TURF 1/5
Scénario: Jonathan Ross
Dessins: Tommy Lee Edwards
Je suis tombé il y a quelques jours sur des news annonçant que le prochain projet de Matthew Vaughn, le réalisateur de KICK-ASS, serait l'adaptation de cette BD. C'est comme ça que j'ai appris que l'auteur, Jonathan Ross, n'en était non seulement qu'à son coup d'essai dans le monde des comics mais aussi qu'il fait partie des plus célèbres présentateurs de TV en Grande-Bretagne.
Ross est en effet aussi connu là-bas qu'Arthur ou Delarue en France. Réputé pour avoir été le présentateur le mieux payé de la BBC dans les années 2000 et pour son coté provocateur qui lui a valu dernièrement d'être carrément suspendu pendant 12 semaines sans solde, Ross a également gagné plusieurs récompenses aux BAFTA (l'équivalent britannique des Oscars, mais qui inclut aussi les productions télévisuelles) comme meilleur "entertainer".
"Ouais, OK, mais qu'est-ce qu'y vient foutre dans les comics?"... Je me suis posé la même question que vous, dites donc!
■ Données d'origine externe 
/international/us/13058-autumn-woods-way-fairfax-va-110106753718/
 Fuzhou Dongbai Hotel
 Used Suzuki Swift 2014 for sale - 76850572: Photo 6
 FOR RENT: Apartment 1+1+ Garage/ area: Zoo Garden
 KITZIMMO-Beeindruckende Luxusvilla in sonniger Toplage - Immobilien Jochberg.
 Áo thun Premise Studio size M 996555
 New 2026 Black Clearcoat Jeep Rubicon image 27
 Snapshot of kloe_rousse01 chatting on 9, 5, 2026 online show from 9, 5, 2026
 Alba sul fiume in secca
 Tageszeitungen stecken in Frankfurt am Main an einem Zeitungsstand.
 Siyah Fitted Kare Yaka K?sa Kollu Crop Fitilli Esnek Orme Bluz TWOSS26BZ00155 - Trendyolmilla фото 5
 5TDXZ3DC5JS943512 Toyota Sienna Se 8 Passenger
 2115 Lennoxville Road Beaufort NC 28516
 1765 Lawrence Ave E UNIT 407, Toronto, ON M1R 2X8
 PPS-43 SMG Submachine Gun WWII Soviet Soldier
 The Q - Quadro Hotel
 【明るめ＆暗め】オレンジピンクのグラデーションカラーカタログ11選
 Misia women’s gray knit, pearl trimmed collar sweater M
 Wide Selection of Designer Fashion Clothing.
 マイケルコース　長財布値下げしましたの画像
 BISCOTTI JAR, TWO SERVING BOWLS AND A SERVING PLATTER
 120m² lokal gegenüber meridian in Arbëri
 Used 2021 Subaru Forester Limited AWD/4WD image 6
Il se trouve que Jonathan Ross est passioné de comics depuis toujours, au point d'avoir fait un documentaire sur le "Greta Garbo" du comics, Steve Ditko; d'avoir donné "Kirby" comme deuxième prénom à son fils (en hommage à Jack Kirby); et d'être l'un des meilleurs potes de Neil Gaiman. Ross est également marié à Jane Goldman, qui a eu la charge d'adapter le scénario de KICK-ASS pour le film, et c'est Mark Millar lui-même qui a persuadé Ross de coucher sur le papier les idées de BD qu'il trimballait depuis des décennies dans sa tête.
Et le résultat est donc ce TURF. Un mélange hybride entre une histoire de gangsters, d'horreur et de science-fiction.
L'histoire de TURF débute en effet en février 1929, à New York. La crise de 29 n'a pas encore eu lieu mais la Prohibition bat son plein depuis une dizaine d'années. Le bootleggers sont donc au pic de leur gloire avec des réseaux parfaitement huilés et une clientèle pas encore ruinée. C'est dans ce contexte que Ross nous raconte son histoire de guerre des gangs avec une composante originale: la nouvelle bande qui souhaite prendre le contrôle du "turf" New-Yorkais est un clan de vampires. Ah oui, j'oublie de préciser que "turf" ne fait aucunement référence à quelque sport hippique que ce soit. Ce mot désigne en fait le territoire controlé par un gang.
A cela s'ajoute (assez subrepticement dans ce premier numéro) un vaisseau extra-terrestre qui vient se crasher dans une forêt non loin de Coney Island.
Des gangsters... des vampires... et des extra-terrestres. Voilà ce que vous trouverez dans TURF.
La plus grosse surprise: ça fonctionne! Jonathan Ross est parvenu à mêler les genres de façon brillante (bien qu'il soit encore trop tôt pour dire si les aliens arriveront à se fondre harmonieusement dans le paysage) en se focalisant sur une histoire de gangsters plausible et en traitant les ingrédients surnaturels sur le même ton que le reste. Les vampires boivent du sang et glissent sur les courants d'air mais à part ça, ils sont tout à fait... euh...humains. Et les extra-terrestres sont eux-mêmes des bootleggers!
L'histoire démarre à cent à l'heure et malgré une tendance à noyer les pages d'une surabondance de textes et de dialogues, Ross semble promettre un récit riche et passionant sans que le rocambolesque de son récit ne bascule dans le grandguignol. Un véritable tour de force.
Tommy Lee Edwards officie aux dessins. Si vous avez lu le MARVEL 1985 de Mark Millar, vous avez déjà eu un aperçu de son talent. Sans que j'arrive à définir pourquoi, je trouve son style très "français". Un style à la fois cinématique mais aussi "sketchy", un équilibre parfait entre sens du détail et surréalisme qui colle parfaitement au projet de Ross. Dommage, encore une fois, que les pages soient inondés de bulles énormes. (je sais, c'est pas évident sur les images que j'ai choisi mais le reste de la BD est vraiment... balloneuse!)
Coup d'essai transformé, donc, pour Jonathan Ross qui signe avec ce TURF une oeuvre aussi divertissante qu'originale. Ross semble savoir où il veut aller avec son histoire extravagante et s'il arrive à maintenir la qualité narrative du premier épisode, j'ai envie de croire que l'ensemble sera mémorable.